Of the 9.0 percent increase, quarter over quarter, FHWA estimates that 3.5 points of it is from increases in the price of asphalt, which is mostly based on the price of crude oil. The next biggest component of the increase was grading and excavation, which is heavily dependent on the price of the diesel fuel burned by the earthmoving equipment. But one-sixth of the 9 percent cost increase was the bridge category, which is mostly steel, the cost of which is mostly independent of oil prices.

Crude oil prices have decreased somewhat since the July-September 2022 quarter, when they dropped from over $100 per barrel just below $80 a barrel. So far in 2023, prices have oscillated in the $70-80 per barrel range. So, while the rate of increase in the NHCCI may decrease in the coming quarters, there is no sign that they will give back significant amounts of what has already been increased.

(Also, even if and when petroleum gets cheaper, at some point the added money from the Infrastructure Investment and Jobs Act (IIJA) will test the capacity of steel mills, cement kilns, and gravel pits to produce materials in sufficient quantities to meet increased demand without more price increases, to say nothing of demands of labor for increased wages in a tight labor market.)

For years, we have tried to figure out the best measure of the lost buying power of federal dollars. When it comes to spending, the easiest thing to track is outlays, which are the cash dollars leaving the Treasury as they are transferred via check or wire to non-federal entities. These are reported monthly by the Treasury. But these outlays are usually paying off contracts which were signed months or years before, so they don’t really measure the effect that price increases have on newly signed contracts.

Fortunately, in 2017, usaspending.gov went online and lately it has gotten so user-friendly that it can be used to track obligations as well as outlays – not by month, but by by quarter. Obligations are the best proxy for contracts being signed (an obligation is recorded when FHWA approves a project agreement and commits a specific amount of federal dollars for a specific project).

We added up the total obligations in each quarter for the two major FHWA budget accounts (the Federal-Aid Highways account (8083), which is all their spending from the Highway Trust Fund, and the Highway Infrastructure Programs account (0548), which is all of the general fund plus-ups from the regular appropriations bills combined with the IIJA advance appropriations from the general fund). This excludes periodic Emergency Relief appropriations.

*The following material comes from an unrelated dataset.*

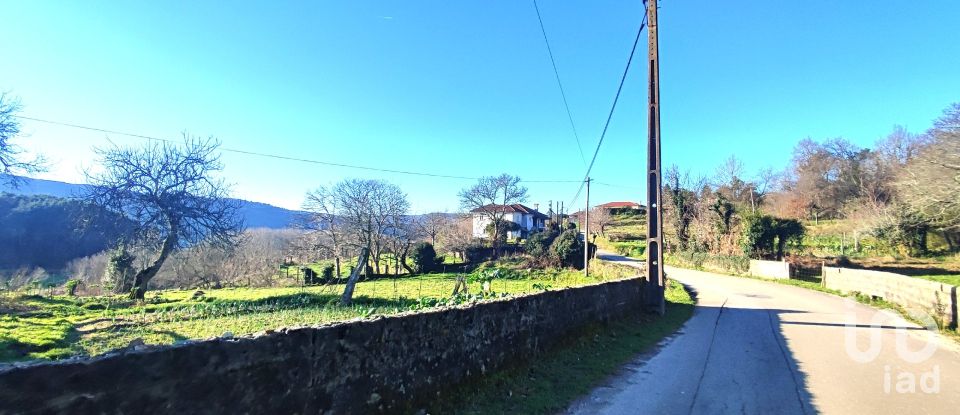 Farm T2 in Coura of 1,821 m²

Then, we re-based the NHCCI to start at the last low point on the chart above (Oct-Dec 2020) and deflated the obligation totals by dividing the nominal obligation totals by the rebased index number. The result is “real” buying power of those obligations, after removing the highway cost inflation since the end of 2020.

We calculate that federal highway spending has lost $21.5 billion in buying power since the end of 2020.